Pour les quelques lecteurs qui ne seraient pas familiers du dialecte normand une traduction pourrait s’imposer et donnerait :
« C’est le gamin de Lexis, celui qui vient de la ville et qui est de la famille Leplée – il est bien mignon et il a bien grandi mais, pour l’heure, c’est un braillard ! »
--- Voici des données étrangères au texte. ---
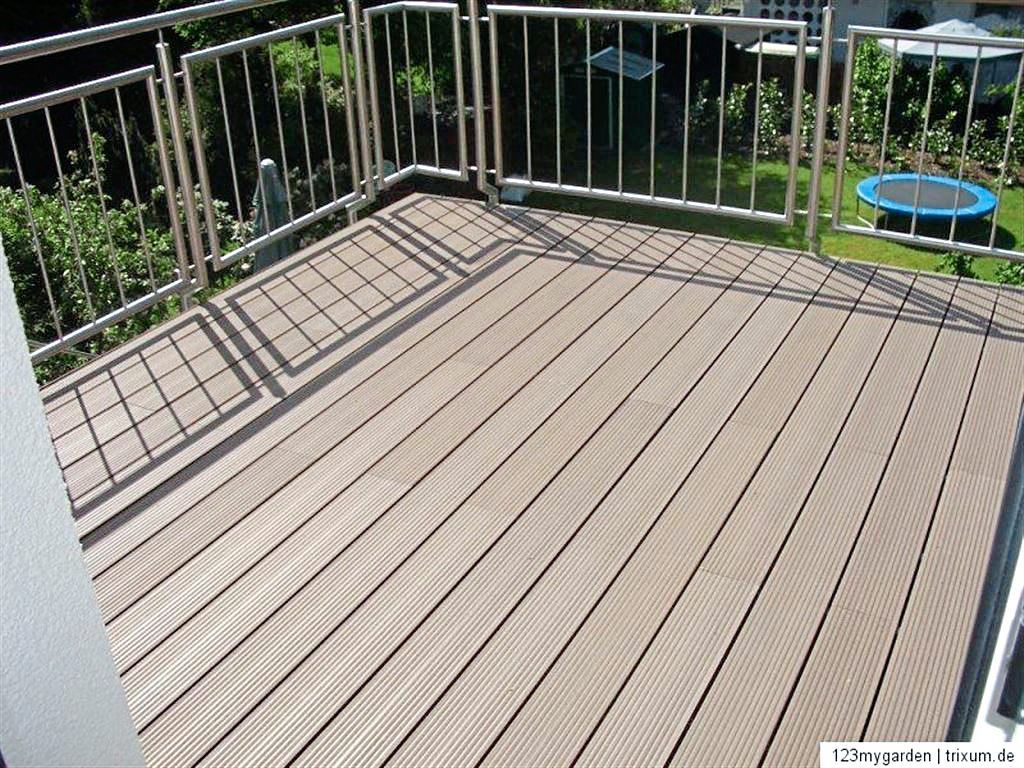 Holzterrasse umzäunt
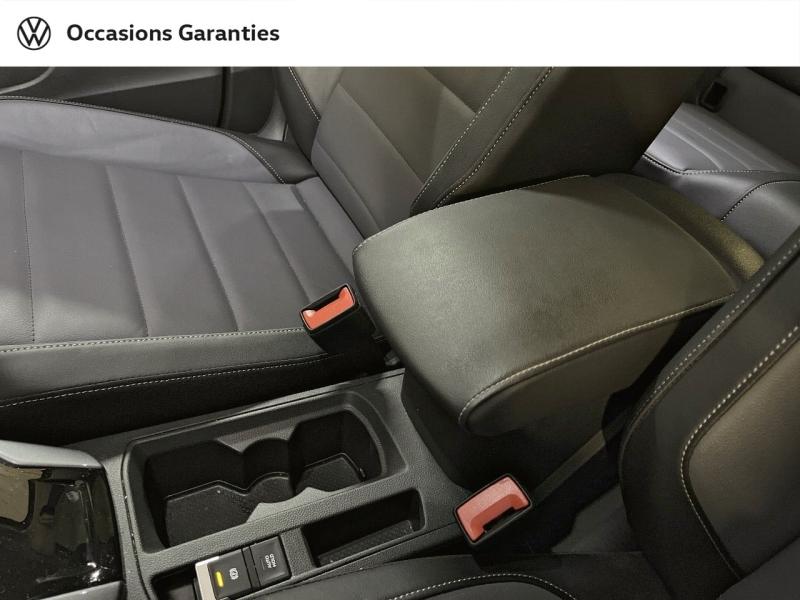 Voitures occasions VOLKSWAGEN T-ROC Style Exclusive Paris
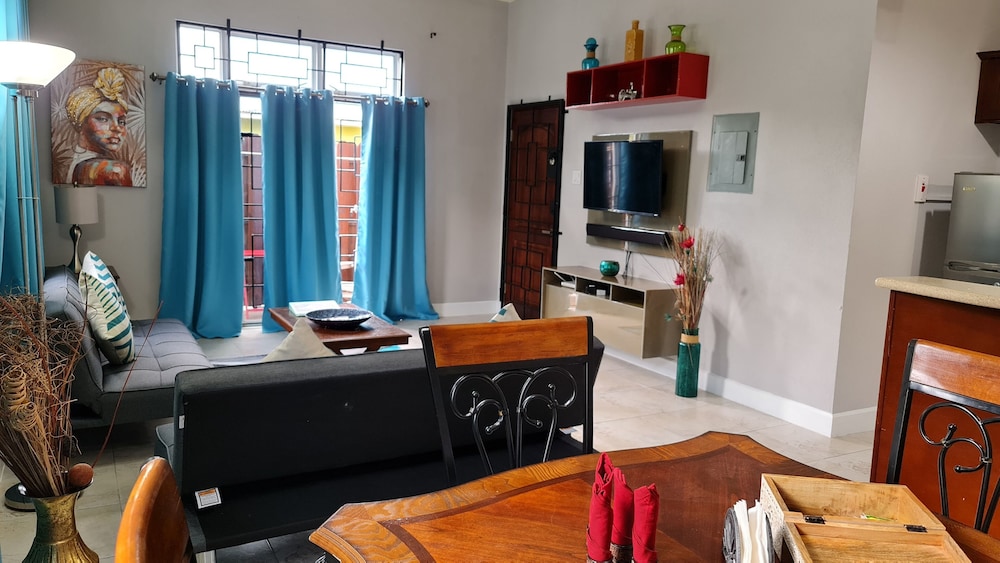 Casa Pinto Guest Apartments 32/42
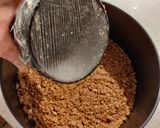 A picture of step 4 of No-Bake Cheesecake.
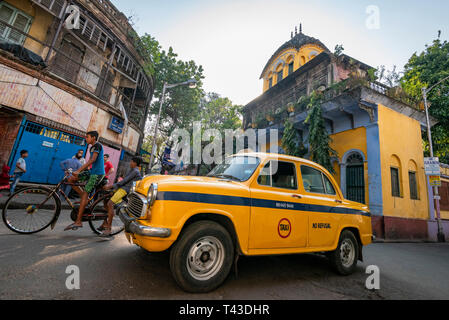 Streetview orizzontale del Chandraprabhu Ji in Kolkata aka Calcutta, India. Foto Stock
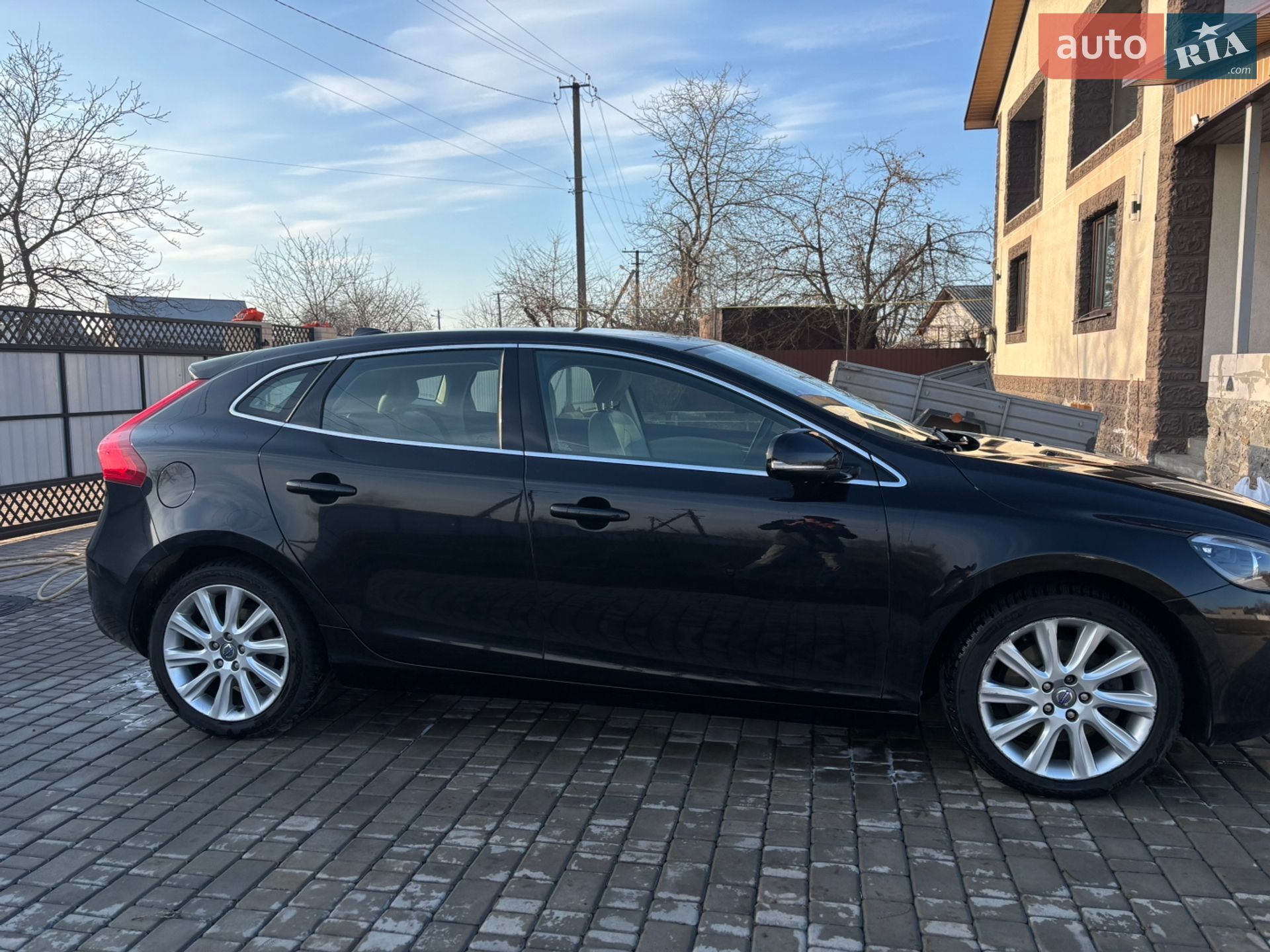 Volvo V40 2014 VIN YV1MV2051E2157641 фото оголошення 5 з 13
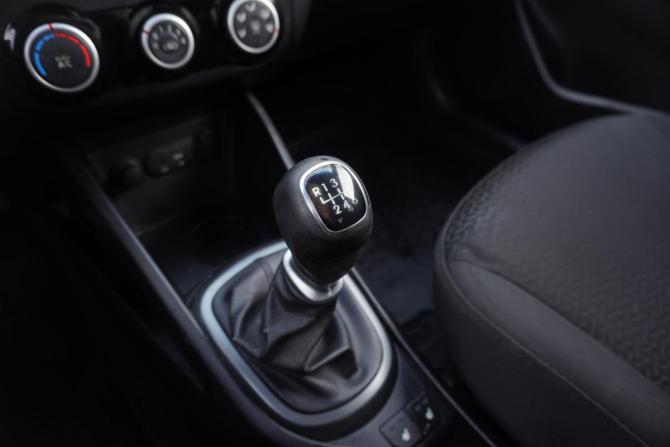 Kia Rio III Рестайлинг с пробегом 2015 года, цена 910 000 рублей, 170871 км, седан, Автокод Объявления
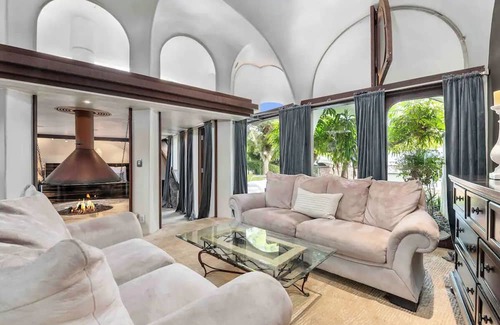 La Jolla Farms House | Celebrity La Jolla Estate:Tennis Bball+Gameroom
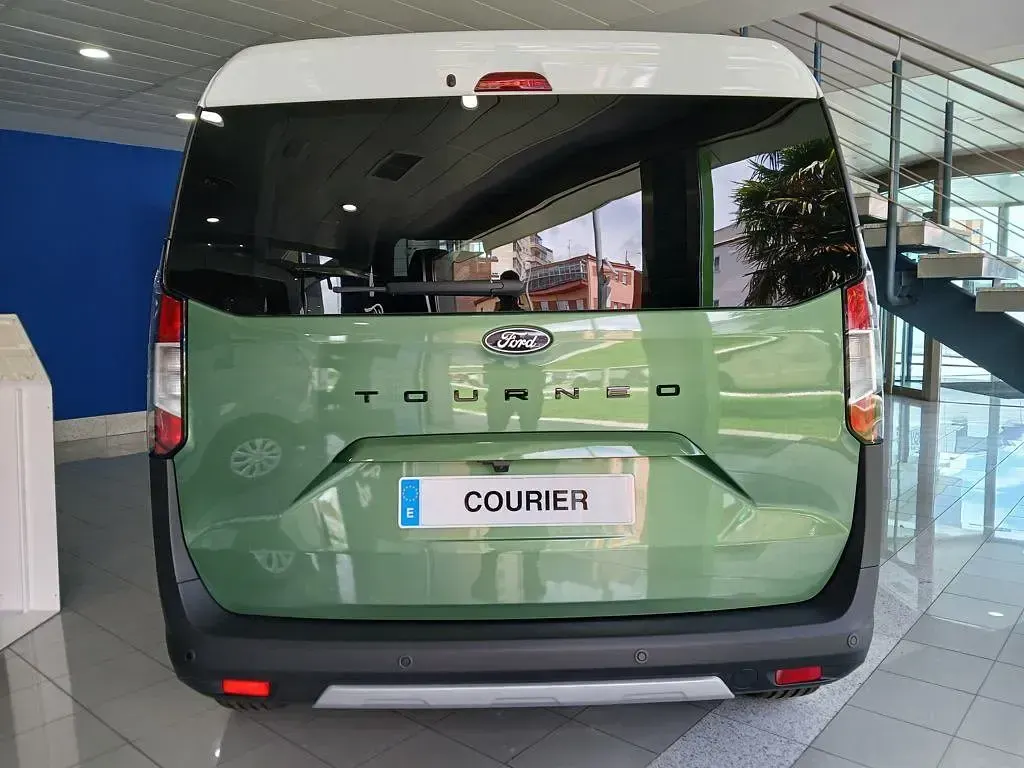 Nuevo Ford Tourneo Courier Active 125 CV (91 kW) 2026 Verde bursting (metalizado) Monovolumen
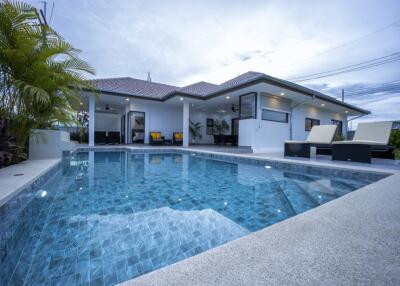 Mali Vista: New Great Quality 3 Bedroom Pool Villas – New Development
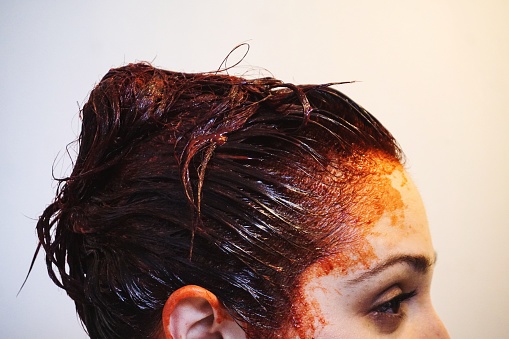 Haz-tinte-casero-para-el-cabello-color-rojo-y-luce-espectacular-es-muy-sencillo 16/06/20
On arrivait en villégiature par le train puis dans le cabriolet à cheval du propriétaire. Les lourdes malles suivaient. Le père ne rejoignait sa famille que deux petites semaines au mois d’août et la fête était alors complète, car ses enfants le découvraient détendu, joyeux, débordant d’affection, et ils pouvaient parfois entendre leur mère rire, ce qui n’arrivait pas souvent en dehors de la période des vacances. La maison était d’une totale modestie, avec trois petites chambres en haut et une seule grande pièce à tout faire en bas. Elle était meublée d’un triste minimum où l’évier était aussi le lavabo. Les commodités, faites d’une planche trouée au dessus d’une simple fosse, se trouvaient loin au fond du jardin. Cette masure ne pouvait en aucune façon rivaliser avec la chaumière des Dalmont qui était un peu à l’écart du village à l’orée du bocage, tapie sous son épais toit de paille, entre un aulne séculaire et une haie de lauriers qui se transformait le long de la devanture en un bouquet ininterrompu d’hortensias dont les fleurs rivalisaient en volume et en couleurs. La porte à deux battants superposés et les fenêtres minuscules donnaient sur une grande pièce au sol inégal, égayée par les flammes de l’âtre où le feu brillait en permanence, flanqué de deux chaises basses. On apercevait dans la pénombre derrière la grande table centrale constamment dressée, un lit étroit presque clos, une armoire de mariage de chêne ciselé, un vaisselier appliquant côte à côte plats et assiettes, et une comtoise déjà vermoulue. Il se sentait bien là, dans un fumet indéfinissable de soupe au gras et de cire d’abeilles, dans un silence bercé par le balancier de l’horloge et le crépitement des braises. Il avait osé y entrer sans mot dire. La vieille avait fini par lui adresser, sans se retourner, quelques mots qu’il ne comprenait pas tous.
« Te veilà achteu – t’es doun vénin touot seu ?
– Veire (oui), avait-il répondu, je suis venu seul.
– Tes gens sount-ti à Tchidbou ?
– Nennin, mes parents ne sont pas à Cherbourg, ils font leurs courses.